*ASSIGNMENT*: In the material below, find the line containing "Credenza moderna con" and output it and all lines after it exactly, through the last one, without the pictures.
---------- TASK INPUTS ----------
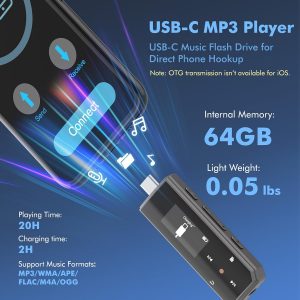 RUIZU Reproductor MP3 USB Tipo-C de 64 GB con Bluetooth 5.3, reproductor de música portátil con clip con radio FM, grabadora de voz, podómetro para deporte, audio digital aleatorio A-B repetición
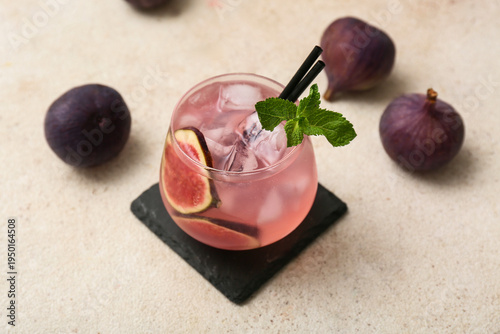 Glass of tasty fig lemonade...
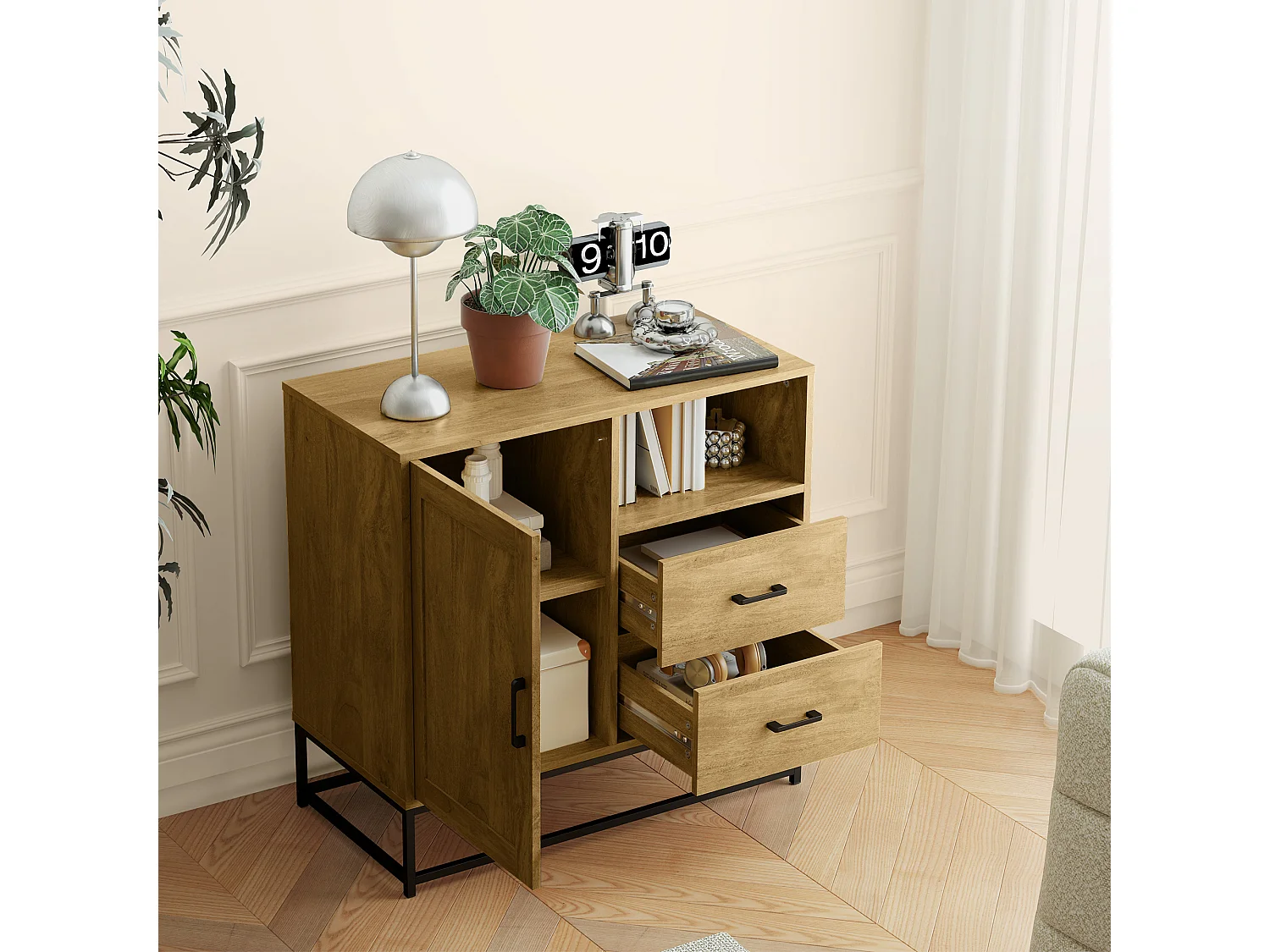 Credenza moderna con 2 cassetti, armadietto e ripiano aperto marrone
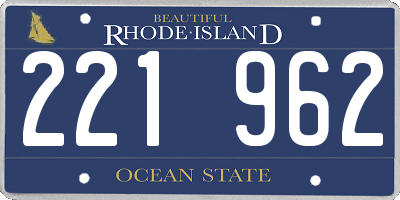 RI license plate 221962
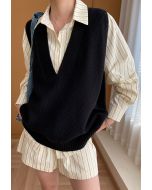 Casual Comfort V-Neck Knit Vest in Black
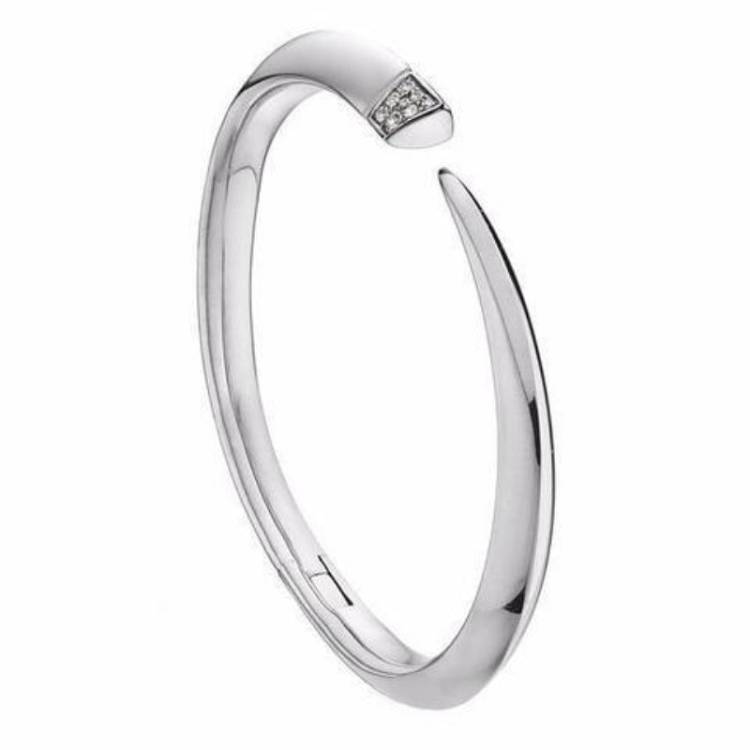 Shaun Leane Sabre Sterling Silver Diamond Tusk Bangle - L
----------
*RESPONSE TO THIS TASK*:
 Credenza moderna con 2 cassetti, armadietto e ripiano aperto marrone
 RI license plate 221962
 Casual Comfort V-Neck Knit Vest in Black
 Shaun Leane Sabre Sterling Silver Diamond Tusk Bangle - L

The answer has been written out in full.